I picked "The Water Cure" as one of four books to read from the 2018 Man Booker Longlist. I liked the speculative fiction premise of young women, raised in isolation in a post-apocalyptic world, encountering men for the first time and having to reconsider what they think they know.
I get the need to pace the book so that I can FEEL the stifling effects on the sisters of isolation and ignorance combined with forced ritual intimacy, but enough already.
I began to feel as if I were trapped in the middle of a front row at "Waiting For Godot" and I'm so embarrassed by what other people will think of me that I stay in my seat long after my boredom threatens to be terminal and I suspect Beckett of being a sadist with a wicked sense of humour.
I made it as far as the twenty-five percent mark because the voices of the sisters were strong and distinct and because I could no more look away from the spectacle of the Bennet sisters transported to an island where they are subjected to abuse that they've educated to understand as sympathetic magic, than I could look away from a building about to be demolished by well-placed charges.
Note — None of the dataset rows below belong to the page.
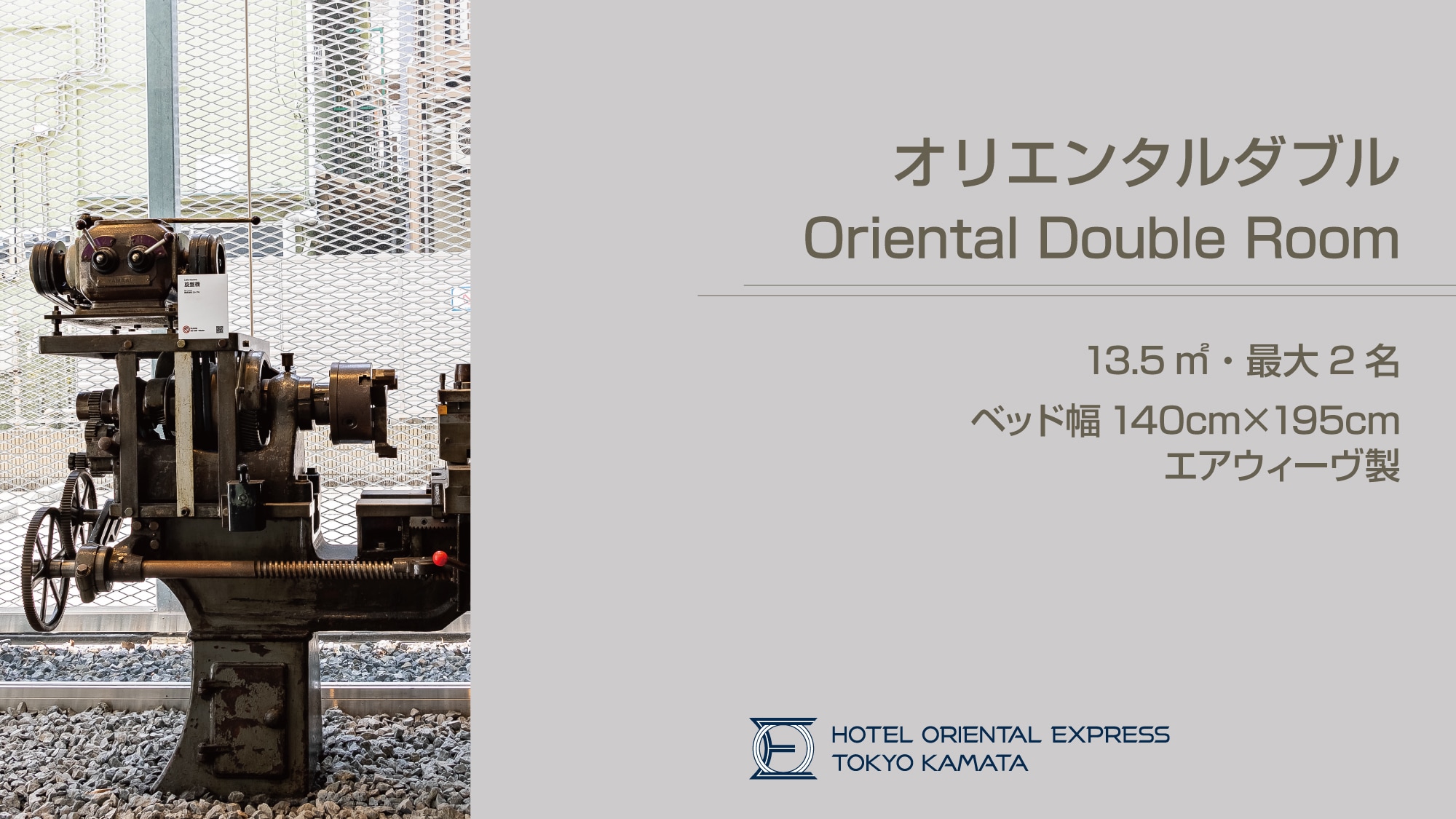 Oriental double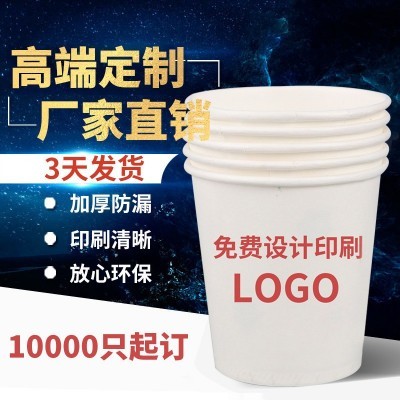 加厚一次性纸杯9盎司商用家用广告杯子印字logo定做奶茶杯批发图5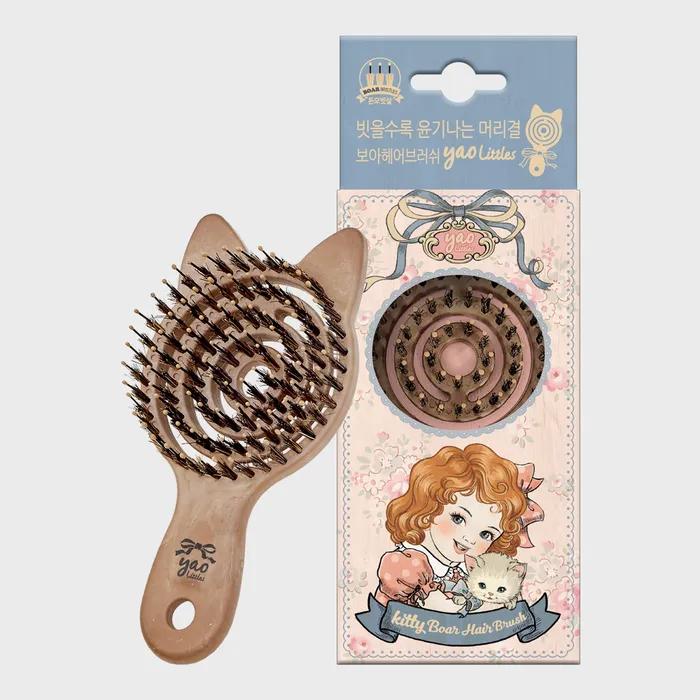 헤어브러쉬 리틀즈키티보아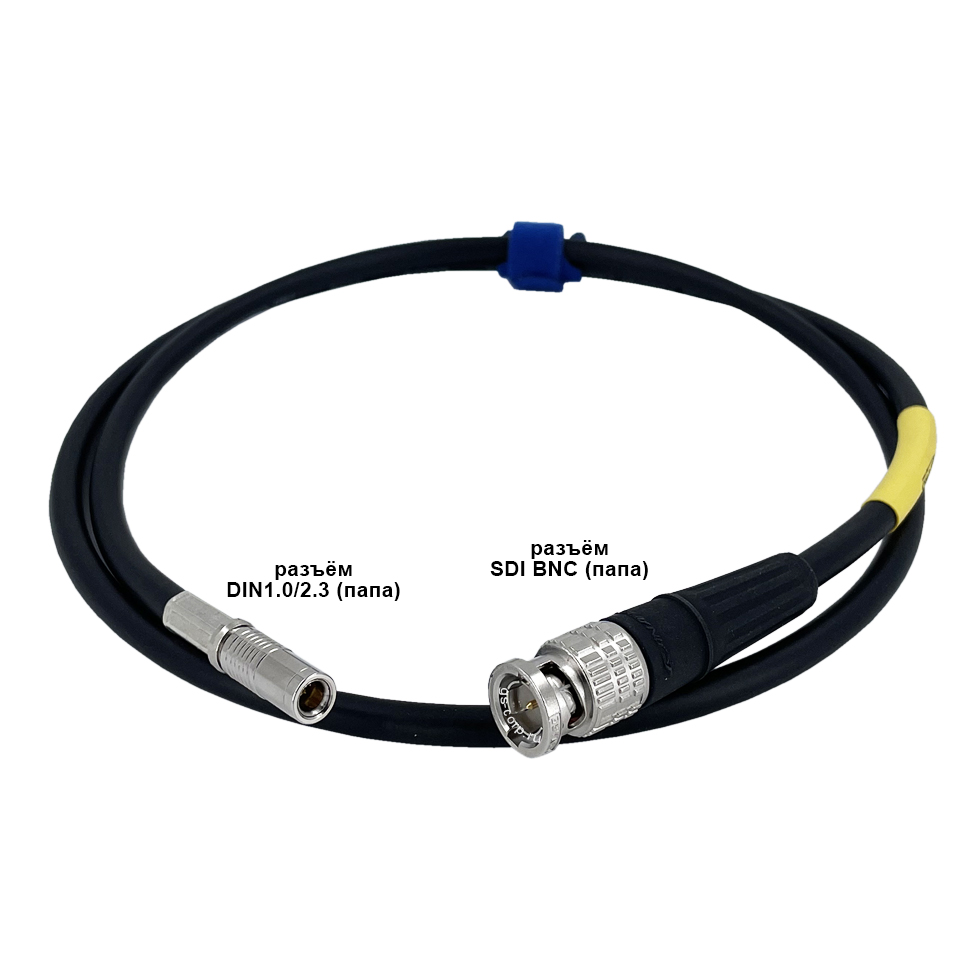 12G SDI DIN1.0/2.3-BNC(M) (black) 1,5 метра 4K UHD 2160p60 кабель (черный) GS-PRO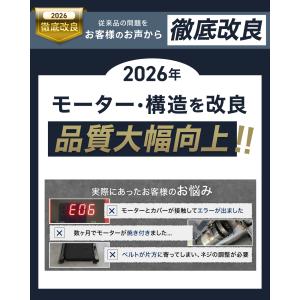 スマートウォーキング ルームランナー MAX1...の詳細画像3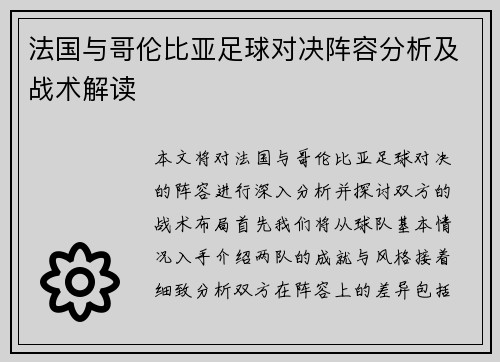 法国与哥伦比亚足球对决阵容分析及战术解读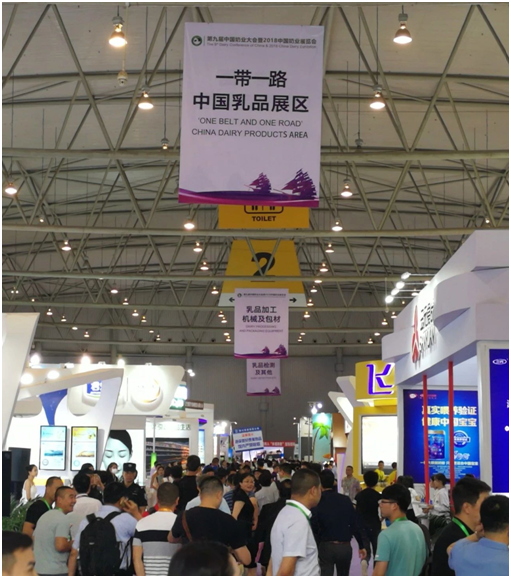 殊榮是奮斗的動(dòng)力  花花牛榮獲三項(xiàng)大獎(jiǎng)!!!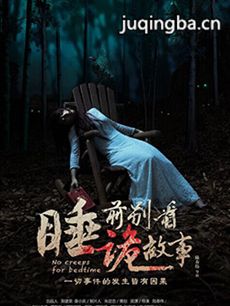 睡前别看诡故事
I'd hoped that the arrival of the men would change the pace but it didn't and I finally admitted to myself that I was reading this book because it was "worthy" rather than because I was getting anything out of it. I'd promised myself I wouldn't do that anymore so I abandoned "The Water Cure" at twenty-five per cent mark.
It may win the Mann Booker prize but it didn't make a place for itself in my imagination.